The reason why most film fans at the time (and many still today) don't cotton to Gilliam's creative grandstanding zeitgeist is because it tries to do so much without any attempted boundaries or barriers. As a result, it boggles the mind instead of instantly satisfying the cinematic sensibilities. As he does with almost every film he makes, Gilliam invents a world both tactile and imaginary, a universe where everything seems familiar but one that is also completely capable of taking off into unreal flights of divine fantasy. But in Munchausen more than anyplace else in his oeuvre, the director defies convention, and makes the infinite possibilities insular as well. In the story, Baron Munchausen is a shape shifting old coot who can die and still tell his own story, surviving a thunderous Turkish horde or a sea monster attack, and yet be felled by a single stray bullet. He woos goddesses, defies gods, and still can't earn the respect of a little girl who wants nothing more than the help he so readily promises. It's this internal instability, along with the everchanging face of the film's magnificent designs, that give this movie its perpetual cinematic shelf life. Where other examples of high-flying fantasy eventually land with a dated, dimensionless thud, The Adventures of Baron Munchausen continues to climb higher and higher, out of the clouds of convention and into the realm of sublimity.
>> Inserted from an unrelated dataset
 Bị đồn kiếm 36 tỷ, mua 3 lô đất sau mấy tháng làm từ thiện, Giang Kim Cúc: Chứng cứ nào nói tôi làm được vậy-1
When taken with its other two parts (Time Bandits representing "youth" while Brazil is the conflict of "middle age"), Munchausen's elderly attributes are even more powerful and potent. Gilliam is making a clear statement here - there is a value in maturity, a wisdom and a knowledge that should not be cast off to some manner of assisted living facility. Instead, like the Baron's boastful claims, they should be embraced and explored. Not everything our cagey old codger says has a real importance and weight, but he does see through the gauze of juvenilia and the mess of early adulthood to offer something prepared and profound. The Baron's message is almost as simple as that tired old tenet "you're only as old as you feel" and yet Gilliam undermines this point by having the individuals surrounding the timeless hero constantly reminding him of his age and infirmaries. When the Baron finally decides to give up and "rest" inside the belly of the sea creature, realizing there is nothing wrong with finally "retiring", it is the young girl at his side, Sally, who yells at him to continue on and contribute. If she can recognize his intrinsic human worth, then there must be something worth salvaging. Indeed, the same can be said for Gilliam's film. The Adventures of Baron Munchausen may not be his most popular or praised work, but it is his most dense and deceptive work. Given a chance, it will become the ageless classic is appears to be.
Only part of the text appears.